_Exercise description_. Omit the pictures, then reproduce exactly the line bearing "Histology of the Gallbladder" and every line after it up to and including the last line of the entries below.

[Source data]
__________________________________________________
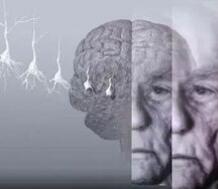 缓解阿兹海默病，数字医疗产品获FDA突破性设备认定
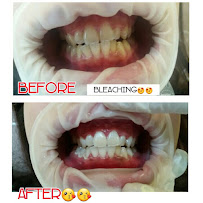 With Smile Dental Clinic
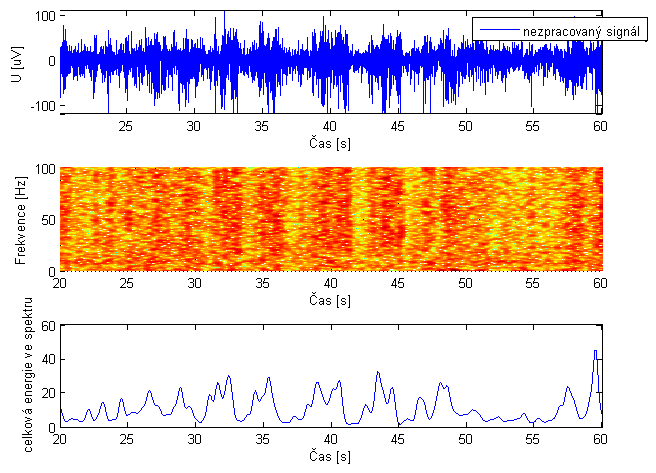 Obr. 6 : Spektrální analýza signálu - spektrogram a časové rozložení energie 3.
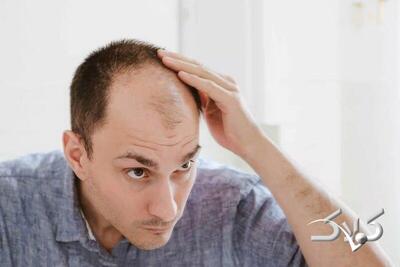  این گیاه چینی باعث رشد مجدد مو می شود - مجله اینترنتی کولاک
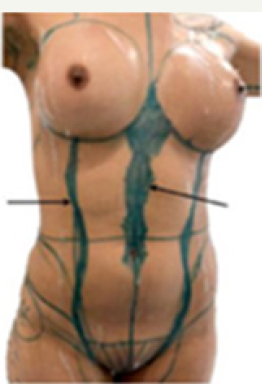 Click here to view Large Figure 4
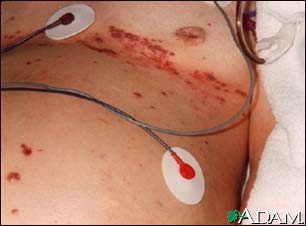 Herpes zoster (shingles), disseminated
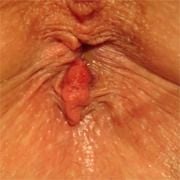 ImageUploadedByTapatalk1303666683.793312.jpg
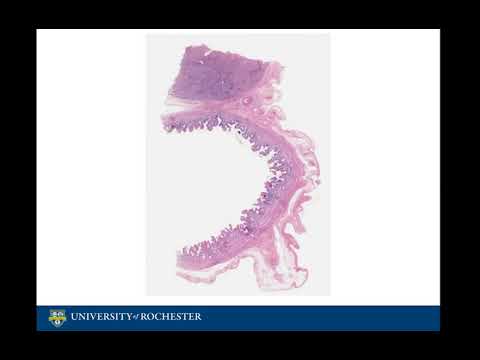 Histology of the Gallbladder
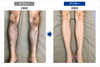 「メンズ脚脱毛ビフォーアフター｜8回施術後の変化をご紹介」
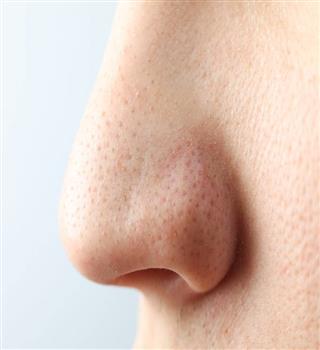 How to get rid of blackheads?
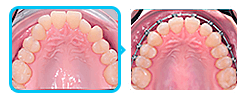 Исправление мезиального прикуса зубов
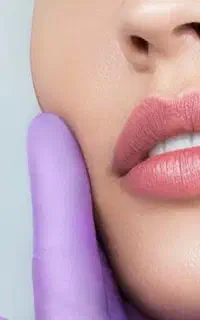 اف ویژهه فیلر و بوتاکس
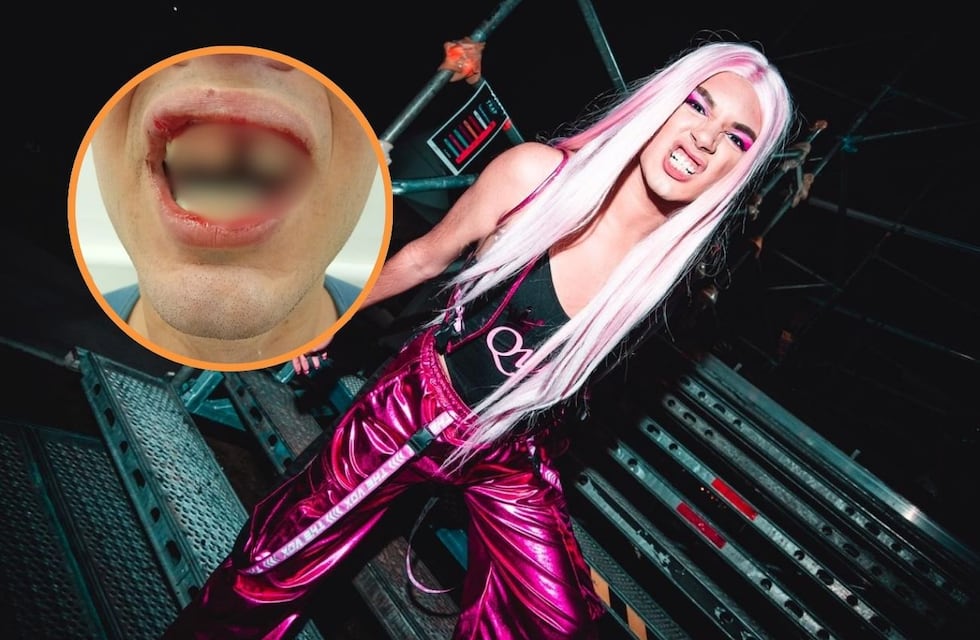 Brutal agresión a La Queen de Fuerte Apache: le rompieron un diente mientras le gritaban “morite por p...”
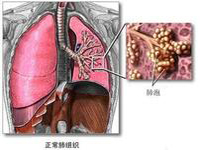 小細胞肺癌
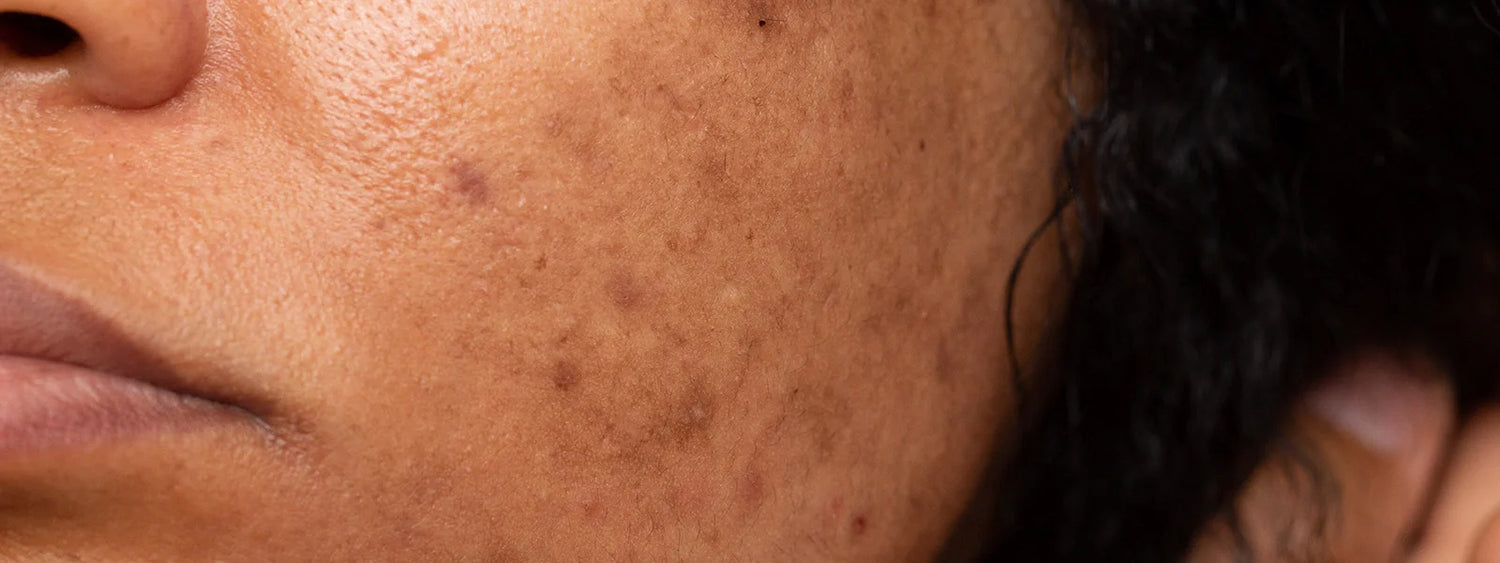 Face Dark Spots Pigmentation Concern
__________________________________________________
_Output for this task_.
 Histology of the Gallbladder
 「メンズ脚脱毛ビフォーアフター｜8回施術後の変化をご紹介」
 How to get rid of blackheads?
 Исправление мезиального прикуса зубов
 اف ویژهه فیلر و بوتاکس
 Brutal agresión a La Queen de Fuerte Apache: le rompieron un diente mientras le gritaban “morite por p...”
 小細胞肺癌
 Face Dark Spots Pigmentation Concern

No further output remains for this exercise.